Lagerfeld, the man who claimed that “no one wants to see curvy women on the runway” and lamented that it would be “difficult to have an ugly daughter,” is now encouraging inclusivity and individuality?
It is no surprise, then, that this sudden faux-embrace of feminist ideals, albeit white and thin and tall and pretty fem ideals only, is a mere commercial step and nothing more. Lagerfeld himself admitted to the limp pointlessness of his “protest” by stating that feminism should be “lighthearted” and “not a truck driver” of ideas.
Chanel’s shoutout to Emma Watson’s “HeForShe” then, the latest brand of white feminism to make not-so-shocking shockwaves in the media, is perfectly understandable, since Watson’s attempt at tackling feminism was just “lighthearted” at best.

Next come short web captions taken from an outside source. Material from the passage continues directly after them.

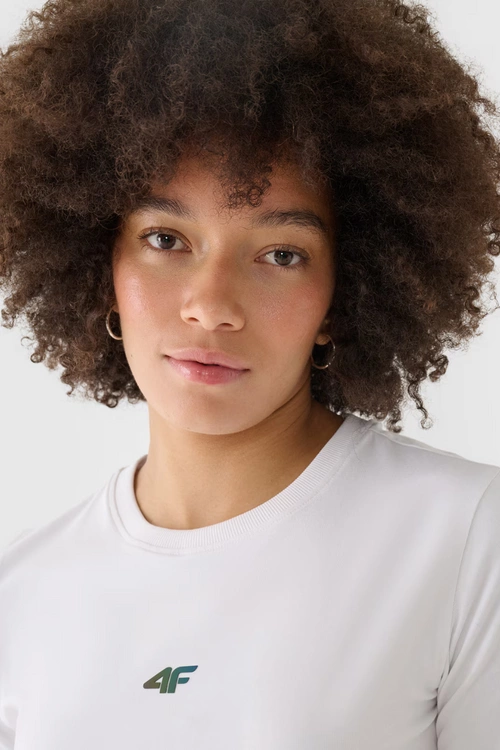 Damski Bawełniany T-shirt Slim Cropped 4F 4FWAW24TTSHF1701-10S Biały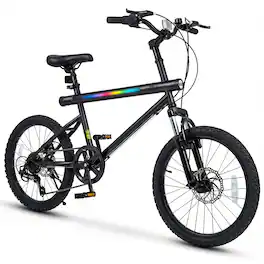 Costway - 6-Speed Commuter Bicycle,20 LED-lit Hybrid Bike with Stereo Speakers,2 Disc Brakes - Black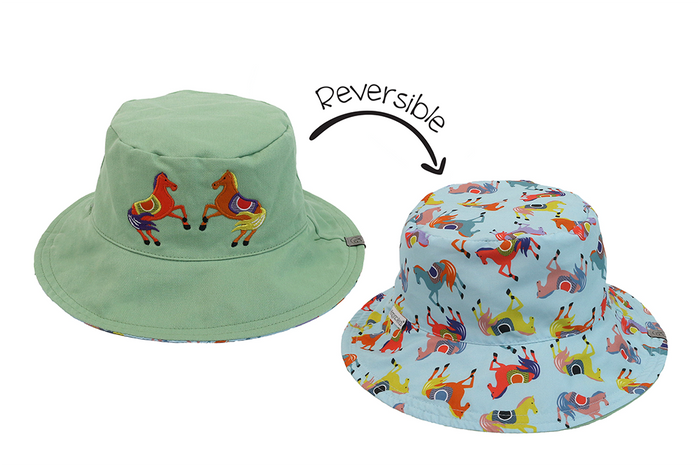 Reversible Baby/Kids Mixed Sun Hat - Horses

The bottom line is: with all the recent coverage on feminism and the list of celebrities being outed as either feminists or non-feminists has diverted attention away from the importance of the movement as a political one. This article does not aim to slap a single blueprint on feminism or assign a fixed formula on how it should be practiced or followed.
However, one thing that it aims to do is to de-commercialize it.
Feminism is starting to become a mere trend, a fad. And while exposure and media coverage are essential to the movement, the current portrayal is problematic at best, with zero to very minimal mention of intersectional feminism. It is becoming a watered-down cause that is “in” mainly because it’s comfortable, reinforcing white privilege and traditional standards of gender and sexuality.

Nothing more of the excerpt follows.